Nachdem alle Tests abgeschlossen sind, wird die Genehmigung für den Einsatz des 100-prozentigen Recycling-Materials bei der Baubehörde beantragt. Danach sollen 2020 die ersten temporären Gebäude aus dem neuen, alten Baustoff auf dem Gelände der Bayernkaserne entstehen.
Muster-Pavillon aus Recyclingbeton
Um Bedenken von Bauherrn und Bauunternehmern auszuräumen, bauten Architektur- und Bauingenieursstudierende der HM 2021 unter der Leitung von Prof. Dr. Andrea Kustermann, Prof. Thorsten Stengel und Prof. Christoph Dauberschmidt, Fakultät für Bauingenieurwesen, und Prof. Arthur Wolfrum, Fakultät für Architektur, gemeinsam einen Muster-Pavillon mit 20 m² Grundfläche. Dieser besteht aus Recycling-Beton mit hundert Prozent rezyklierter Gesteinskörnung.
Der Pavillon zeigt selbstbewusst die Bandbreite der Gestaltungsmöglichkeiten des Recyclingbetons. Vier interdisziplinäre Gruppen aus Bauingenieur- und Architekturstudierenden gestalteten und bauten als Sichtbeton jeweils 4 Stützen mit unterschiedlichen Oberflächenstrukturen. Das Ergebnis zeigt die Gestaltungsmöglichkeiten von rau bis fein, plastisch, verspielt oder streng.
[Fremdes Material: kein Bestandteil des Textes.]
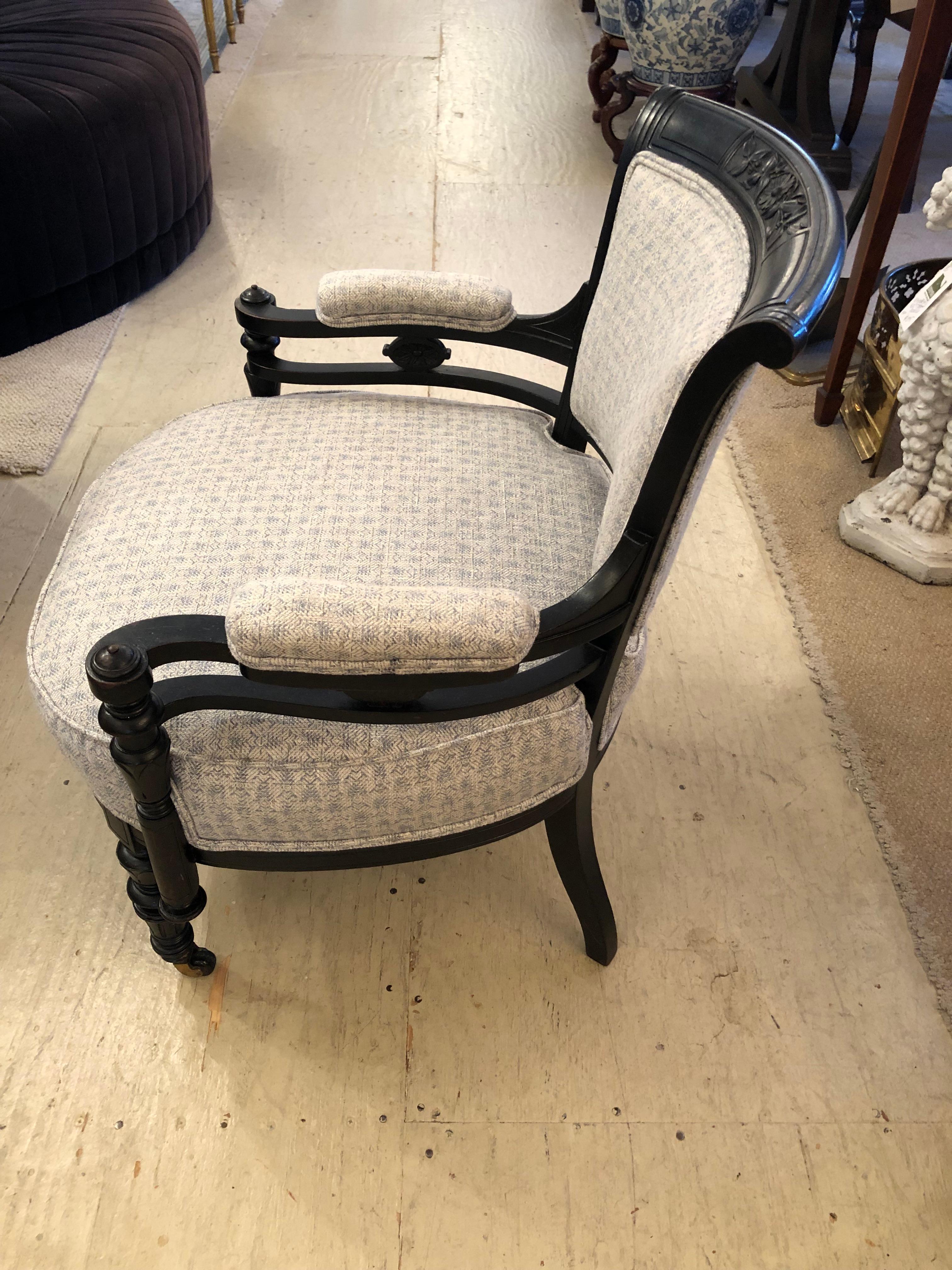 Charming Ebonized Victorian Armchair Newly Upholstered in Light Blue  For Sale 2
Legen selbst Hand an: Beim innovativen Lehrprojekt bauen Studenten einen Recyclingbeton-Pavillon, der die Vorteile des Baustoffs demonstrieren soll. Und vieles ist möglich: Die Studierenden gestalteten die Oberflächenstrukturen der Säulen des Musterpavillons, um die Bandbreite der Einsatzmöglichkeiten des Baustoffs zu zeigen.
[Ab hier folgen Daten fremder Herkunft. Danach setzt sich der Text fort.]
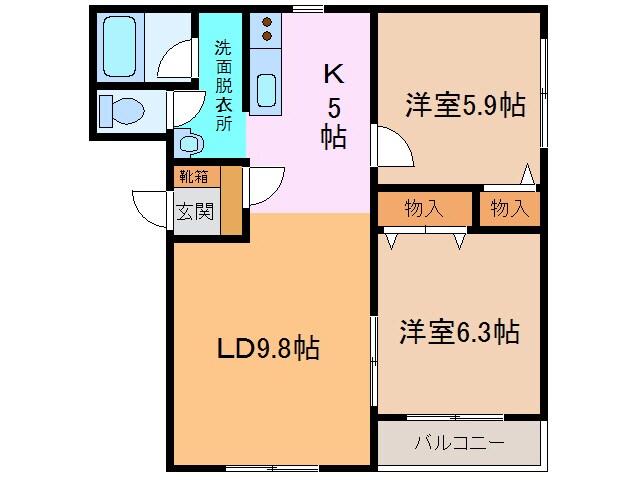 ﾋﾟｭｱﾗｲﾌ115の物件間取画像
Die HM-Studenten bauten den Recyclingbeton-Pavillon, um die Gestaltungsmöglichkeiten mit dem Baustoff zu zeigen. Prof. Dr. Andrea Kustermann und weitere HM-Kollegen initiierten den Bau des Musterpavillons aus Recyclingbeton durch die HM-Studenten.
Bilder: Johanna Weber
Das Projekt wurde unterstützt von der Baufirma Harald Strobel. Außerdem von der Firma Ettengruber und dort von Michael Weiss mit den Mitarbeitenden auf dem Gelände der Bayernkaserne, sowie von den Mitarbeitenden des HM-Betonlabors. Vier Eckstützen bearbeitete steinmetzmäßig Herr Miedl, Terrazzo wurde bearbeitet und als Fußboden eingebaut von Michael Dorrer. Weitere Unterstützer waren das Institut für Material und Bauforschung der Hochschule München (IMB) vertreten durch Prof. Christian Schuler, R. Schemm der Betonmarketing, steeltec, meva sowie StoCretec GmbH. Die HM förderte das Projekt als Lehrinnovation im Fach Betontechnologie/Sichtbeton.
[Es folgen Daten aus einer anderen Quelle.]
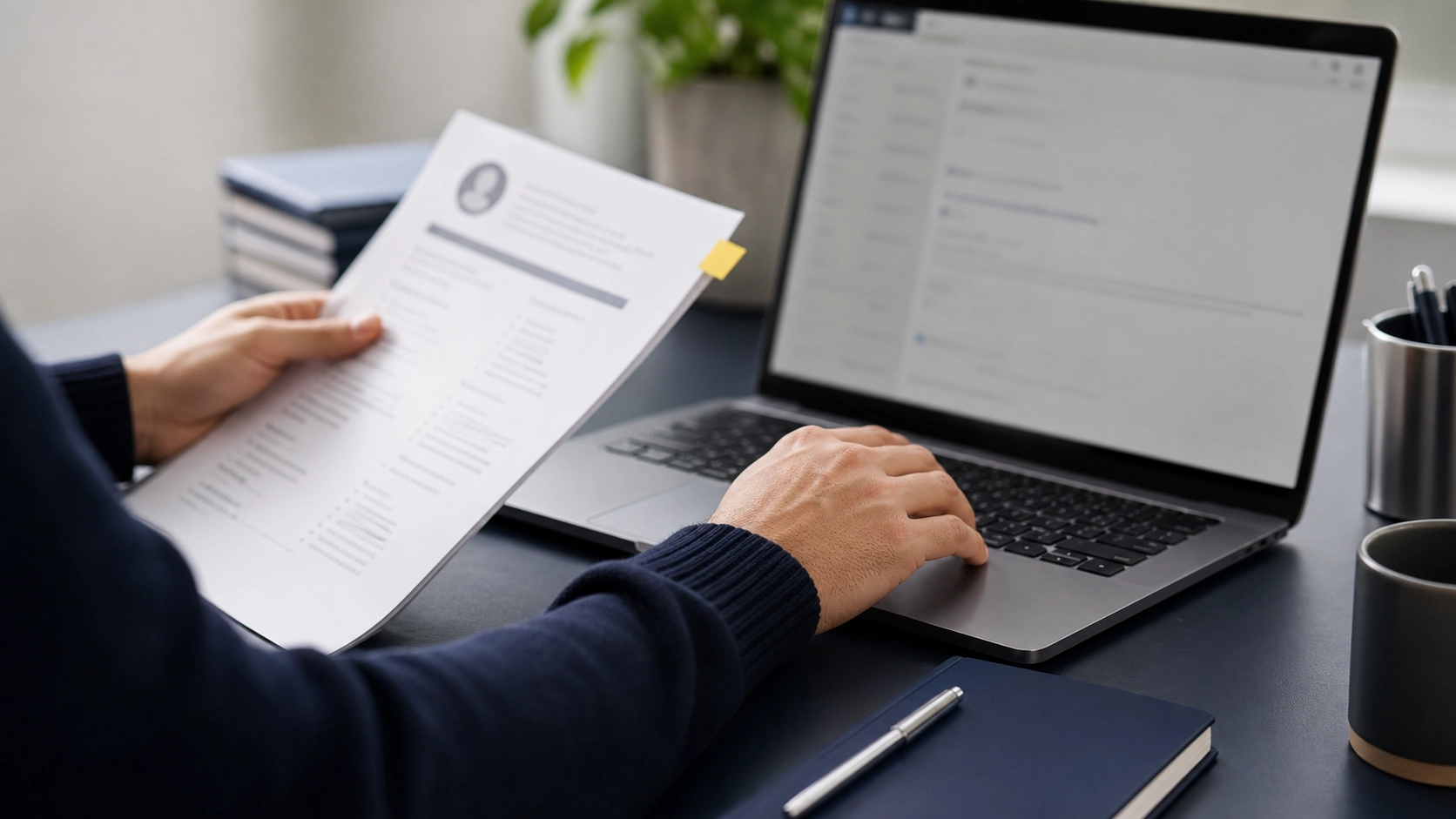 A job seeker holds a printed resume in one hand while exploring a career profile on a laptop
Das Gelände der Bayernkaserne wird der Ort sein, an dem Recyclingbeton künftig zum Einsatz kommen wird. Als erster Bauträger hat sich die städtische Wohnungsbaugesellschaft GWG in München verpflichtet, rezykliertes Baumaterial zu verwenden. Geplant ist auch der Neubau eines Jugendzentrums auf dem Gelände der ehemaligen Bayernkaserne, das mit einem möglichst großen Anteil an Recycling-Material gebaut werden soll.